Russian state atomic energy corporation Rosatom Director General (DG) Alexey Likhachev discussed issues related to the safety situation in the Zaporizhzhia nuclear power plant (ZNPP) in the current context of conflict in Ukraine, with the International Atomic Energy Agency (IAEA) Director General Rafael Grossi in the Russian city of Kaliningrad on June 23, 2023, according to a statement by Rosatom, which currently operates the Zaporizhzhya NPP.
During the discussions, both delegations addressed issues raised by Grossi at the UN Security Council briefing on May 30, where the security situation at the nuclear facility was reviewed, the statement said.
“The IAEA Director General explained how he sees the Agency’s future actions in connection with the theses he formulated in this regard. For their part, Alexey Likhachev and other speakers emphasized that now they expect the IAEA Secretariat to take specific steps to prevent strikes by the Ukrainian Armed Forces both on the ZNPP and on adjacent territory and critical supporting infrastructure facilities,” the Rosatom statement said.
The meeting was also attended by Alexander Trembitsky, Head of Federal Environmental, Industrial and Nuclear Supervision Service of Russia (ROSTECHNADZOR); Vladimir Mashevsky, Head of the General Directorate of Site Protection of the Federal National Guard Troops Service; Mikhail Kondratenkov, Acting Deputy Director of the Department for Non-proliferation and Arms Control of Russia’s Foreign Ministry; and a representative of the Russian CBRN troops. Besides IAEA Director General, his deputies Massimo Aparo and Lydie Evrard took part in the meeting.
Likhachev told the IAEA Director General about measures being taken by the Russian side “to ensure safe operation of the Zaporozhskaya NPP, including its water supply, after the Kakhovka HPP dam was destroyed by the Ukrainian Armed Forces,” the statement said.
According to Rosatom, both parties also discussed the results of Grossi’s visit to the plant on June 15 this year. The IAEA Director General visited the open switchyard at the Zaporizhzhia thermal power plant, one of the key elements of ZNPP’s external power supply infrastructure, where he was shown the consequences of kamikaze drone attacks by the Ukrainian Armed Forces.
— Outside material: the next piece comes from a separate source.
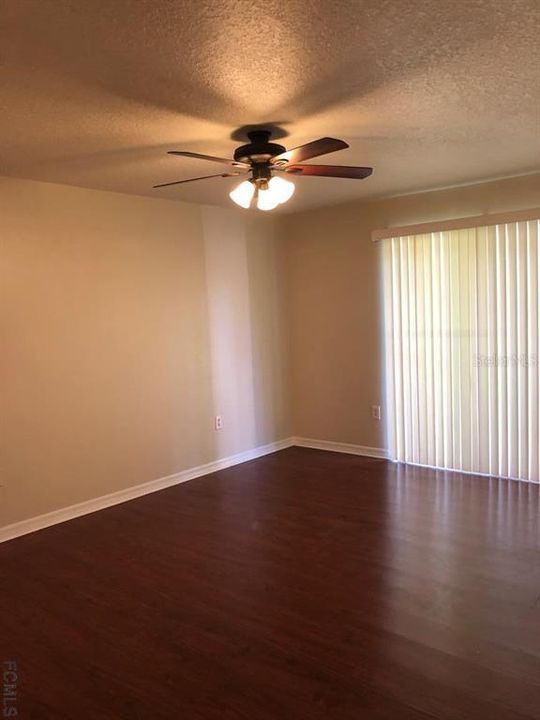 Recently Rented: $1,300 (3 beds, 2 baths, 1399 Square Feet)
During his visit to the plant, the Agency’s Director General was able to personally verify that ZNPP’s hydraulic structures are in normal operation and the water supply in the cooling pond is sufficient for safe operation of the plant, the statement added.
Last month, the IAEA said that it saw “no immediate nuclear safety risk” from the damage at Ukraine’s Nova Kakhovka dam but is exploring options to get water to keep Zaporizhzhia nuclear power plant’s reactors cool after a dam in southern Ukraine was damaged.
“The water level in the reservoir that is supplying Ukraine’s Zaporizhzhya Nuclear Power Plant (ZNPP) has been falling throughout the day, but the facility has back-up options available and there is no short-term risk to nuclear safety and security,” Grossi told the IAEA Board of Governors.
Following Grossi’s visit to the Zaporizhzhya nuclear power plant last month, the IAEA said in a statement that the ZNPP is planning to resume pumping water that still remains accessible despite a major loss of water in the Kakhovka reservoir caused by the destruction of the downstream dam.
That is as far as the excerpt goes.